Return every line of the material exactly.

#### Data for this task

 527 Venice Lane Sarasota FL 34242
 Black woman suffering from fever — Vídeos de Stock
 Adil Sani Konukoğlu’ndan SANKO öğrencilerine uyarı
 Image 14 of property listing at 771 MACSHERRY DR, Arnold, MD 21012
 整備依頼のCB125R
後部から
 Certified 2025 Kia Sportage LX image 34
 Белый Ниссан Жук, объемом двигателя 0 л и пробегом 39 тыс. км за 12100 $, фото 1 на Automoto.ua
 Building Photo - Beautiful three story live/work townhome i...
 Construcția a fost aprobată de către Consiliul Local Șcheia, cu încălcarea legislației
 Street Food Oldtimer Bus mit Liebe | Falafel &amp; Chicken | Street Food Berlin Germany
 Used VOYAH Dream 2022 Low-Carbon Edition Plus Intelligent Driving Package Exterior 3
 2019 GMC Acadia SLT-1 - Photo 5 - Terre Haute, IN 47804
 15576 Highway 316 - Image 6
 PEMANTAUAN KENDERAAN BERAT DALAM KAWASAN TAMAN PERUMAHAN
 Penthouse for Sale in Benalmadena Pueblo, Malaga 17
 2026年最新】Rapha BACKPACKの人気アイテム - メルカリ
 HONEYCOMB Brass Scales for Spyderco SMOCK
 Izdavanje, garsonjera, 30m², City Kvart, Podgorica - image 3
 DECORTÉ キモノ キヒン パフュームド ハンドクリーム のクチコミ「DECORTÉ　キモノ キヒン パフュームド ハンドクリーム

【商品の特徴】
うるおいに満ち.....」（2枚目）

########

Written response:
 527 Venice Lane Sarasota FL 34242
 Black woman suffering from fever — Vídeos de Stock
 Adil Sani Konukoğlu’ndan SANKO öğrencilerine uyarı
 Image 14 of property listing at 771 MACSHERRY DR, Arnold, MD 21012
 整備依頼のCB125R
後部から
 Certified 2025 Kia Sportage LX image 34
 Белый Ниссан Жук, объемом двигателя 0 л и пробегом 39 тыс. км за 12100 $, фото 1 на Automoto.ua
 Building Photo - Beautiful three story live/work townhome i...
 Construcția a fost aprobată de către Consiliul Local Șcheia, cu încălcarea legislației
 Street Food Oldtimer Bus mit Liebe | Falafel &amp; Chicken | Street Food Berlin Germany
 Used VOYAH Dream 2022 Low-Carbon Edition Plus Intelligent Driving Package Exterior 3
 2019 GMC Acadia SLT-1 - Photo 5 - Terre Haute, IN 47804
 15576 Highway 316 - Image 6
 PEMANTAUAN KENDERAAN BERAT DALAM KAWASAN TAMAN PERUMAHAN
 Penthouse for Sale in Benalmadena Pueblo, Malaga 17
 2026年最新】Rapha BACKPACKの人気アイテム - メルカリ
 HONEYCOMB Brass Scales for Spyderco SMOCK
 Izdavanje, garsonjera, 30m², City Kvart, Podgorica - image 3
 DECORTÉ キモノ キヒン パフュームド ハンドクリーム のクチコミ「DECORTÉ　キモノ キヒン パフュームド ハンドクリーム

【商品の特徴】
うるおいに満ち.....」（2枚目）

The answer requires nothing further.